Sounds like a big hassle.I'm glad it isn't like that here in Ohio.If you go to the BMV at the right time,you're in and out in under 30min including waiting for new driver's license.We didn't have to register our canoe and we tie it to the top of the van so we don't need a trailer.It ain't a big luxury cabin cruiser but we still have a lot of fun.I need to get a couple of decent life vests.We have the big orange ones that are a pain and get in the way.Last year I took it off and a park ranger came out of no where and scolded me and threatened to ticket me.


----------



## Maryellen

Oh yeah what a hassle.. that stinks you had to go thru that


----------



## seminole wind

dawg53 said:


> I truly hate going to the tax collectors office for anything, what a pain in the butt! I have to get there 1/2 hour early before they open. If not, I'll be in there all day long. Even when I get there early, there's always 2 or 3 people before me!
> Registering anything with the state of Florida is a real challenge and they dont cut you no slack.
> They charge you fee after fee after fee for the most nitnoid reasons. (However, I do like e-titles for $10 extra.)
> I bought my new boat trailer yesterday. It has the model and serial numbers etc, on the sales paperwork which includes sales tax and price. I cant register it because I have to wait 2 weeks for the certificate of origin from the manufacturer. By state law, I have 30 days to register it or face penalties. Cutting it close.
> The good thing about all this nonsense is that once it's in the system, renewing registrations can be done online or by mail. I do it by mail and choose to register everything for 2 years because it's MUCH CHEAPER AFTER the initial registration.
> When I switched residency from Georgia to Florida, I had to show a hand written letter from my wife that I was living at the same address as her, along with 2 documents showing proof of the address where I was residing (utility bill, phone bill.)
> It reminds me of a WWll movie, like at a German checkpoint, gotta show your papers to the guards to let you through. Sheeesh.

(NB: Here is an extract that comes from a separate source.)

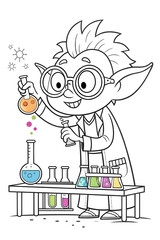 Cartoon scientist elf mixing potions, smiling in laboratory, holding flask, copy space
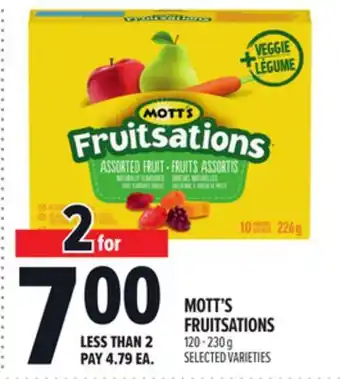 Metro MOTT'S FRUITSATIONS offer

Nitnoid is right. Yes renewing online is the way to go


----------



## seminole wind

However, I had a beautiful day Monday at the beach casting. It was just a lot of fun being there. 

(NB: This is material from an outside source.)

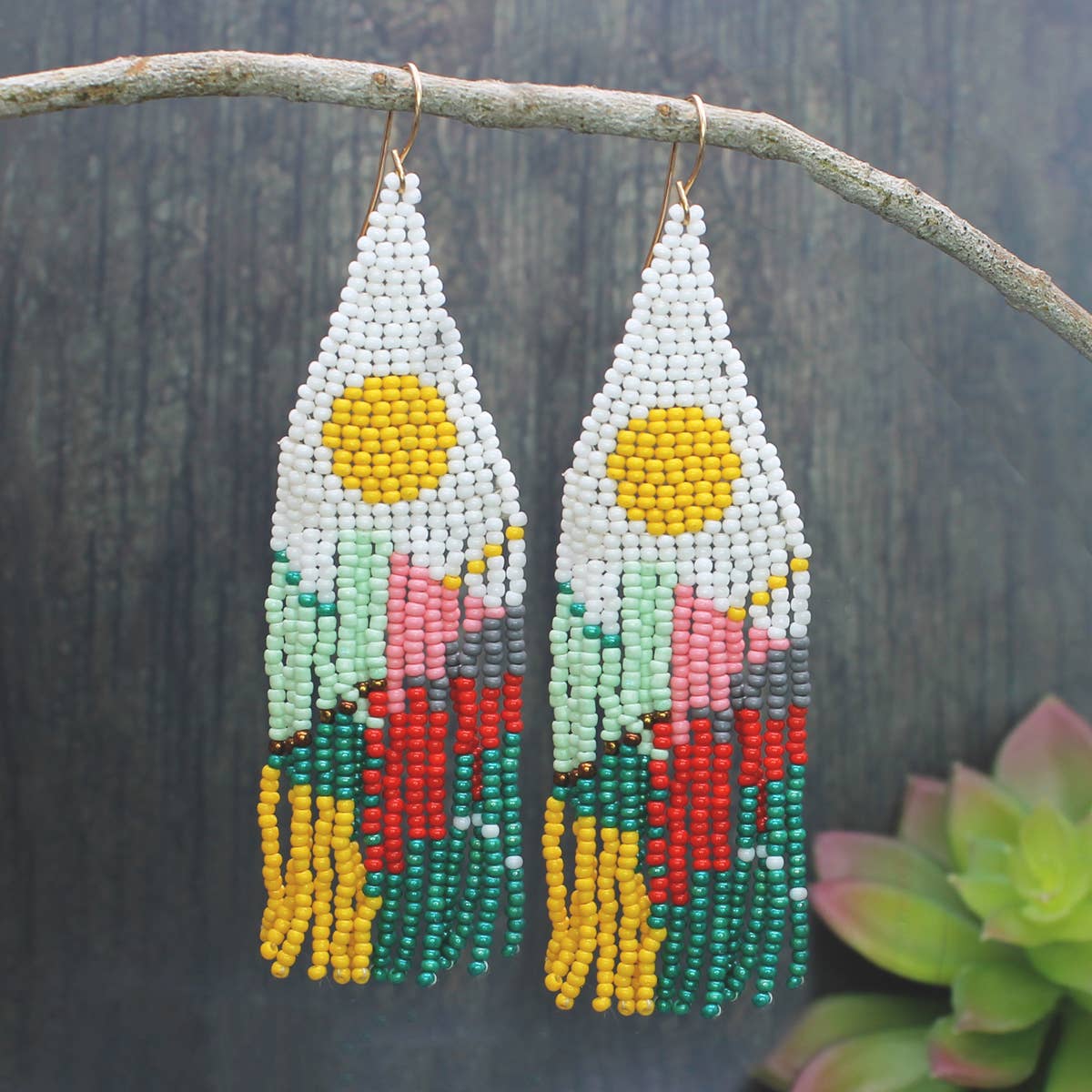 Abstract Afternoon Beaded Fringe Earrings - the friday collective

2 weeks worth of aggravation on the scripts. I finally called the doc's office and she said she will refax the script that was made for 9 months!! 2 hours later I go to the pharmacy, but they haven't filled it yet. So I wait. She says all they have is 3 pills and she will order more. All this trouble and they have no stock but 3 pills. Aside from me, who didn't restock before they had only 3 pills. And anti cholesterol pills are not rare!!! I am over people. No wonder I live the life of a hermit.


----------



## chickenqueen

I understand how you feel about people.I've always said I'm not racist,I hate everybody!!!!LOL I prefer the company of my animals anymore and Dale,I still like being around him(well,most of the time).


----------



## seminole wind

That sounds like being acceptable racist. Lately my parents have been annoying too. My dad- I'm in the middle of a sentence and he turns to start talking with someone else! I got so mad (inside) I left. 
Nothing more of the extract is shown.